(Beginning of Recorded data)

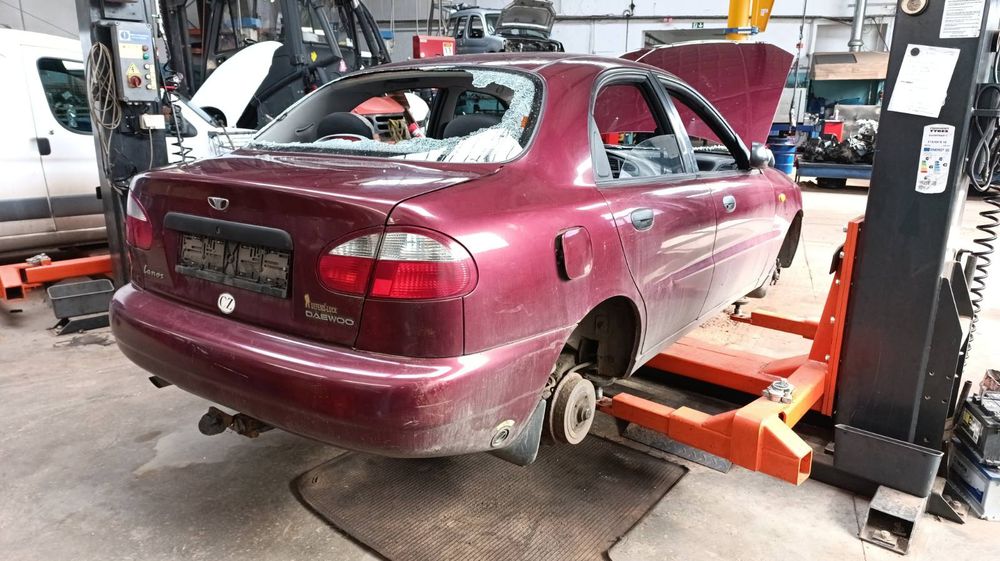 Daewoo Lanos 1.5 кпп капот бампер двері гбц замки вікна.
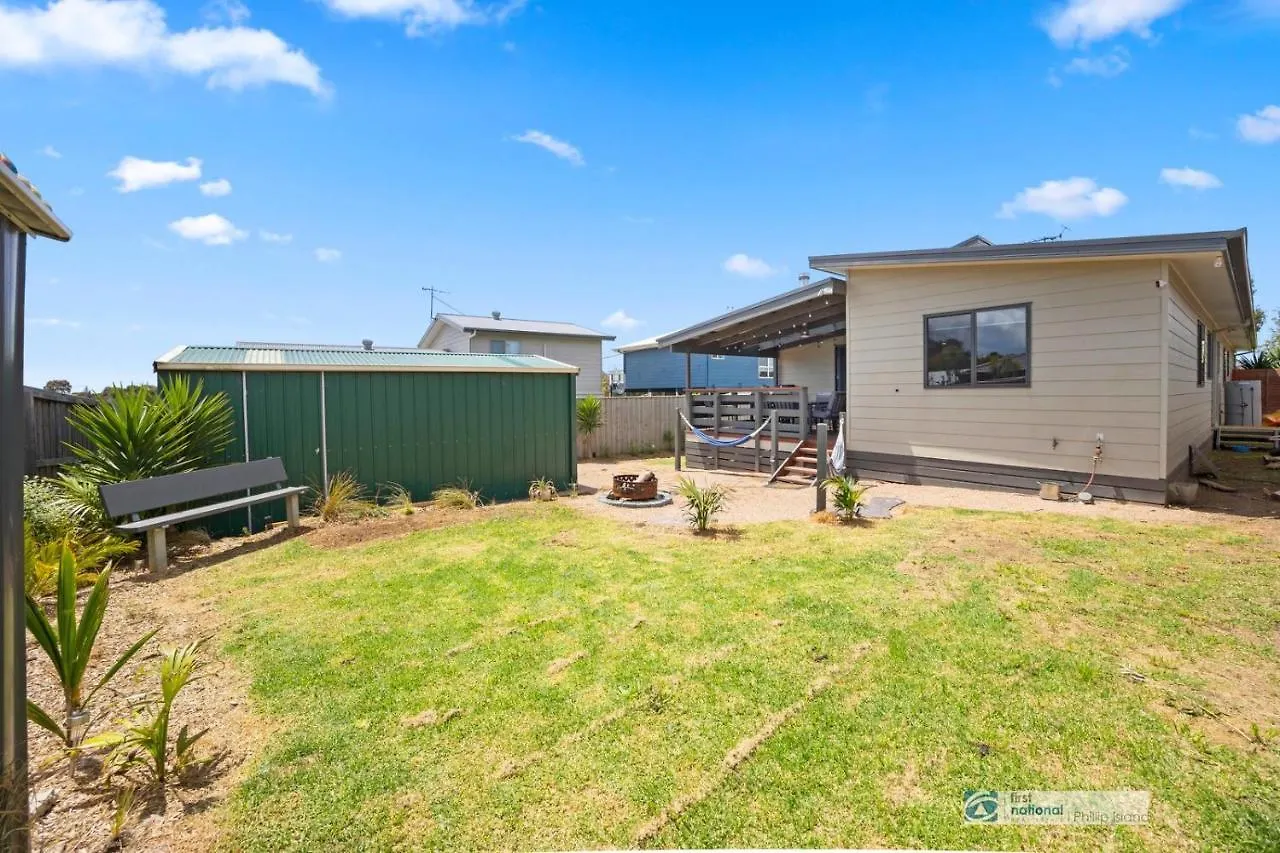 2 Thruxton St * Cowes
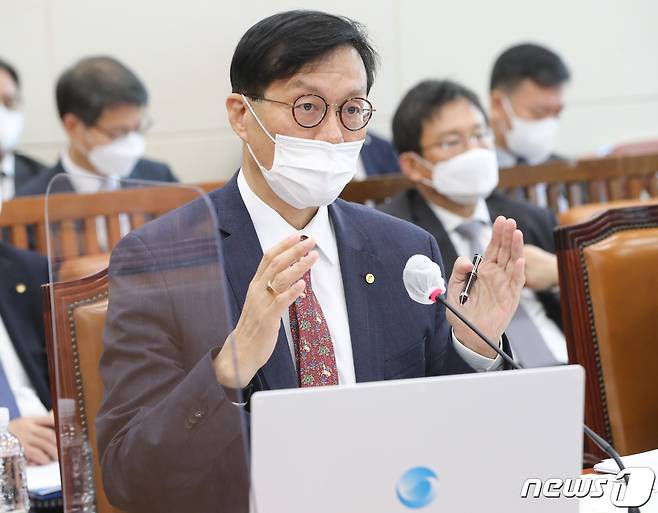 이창용 한국은행 총재가 7일 서울 여의도 국회에서 열린 기획재정위원회의 한국은행에 대한 국정감사에서 의원들의 질의에 답하고 있다. 2022.10.7/뉴스1 ⓒ News1 허경 기자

(End of Recorded data)

* Goal of the exercise
Once the pictures are set aside, give the listing again word for word.

* Answer to this exercise
 Daewoo Lanos 1.5 кпп капот бампер двері гбц замки вікна.
 2 Thruxton St * Cowes
 이창용 한국은행 총재가 7일 서울 여의도 국회에서 열린 기획재정위원회의 한국은행에 대한 국정감사에서 의원들의 질의에 답하고 있다. 2022.10.7/뉴스1 ⓒ News1 허경 기자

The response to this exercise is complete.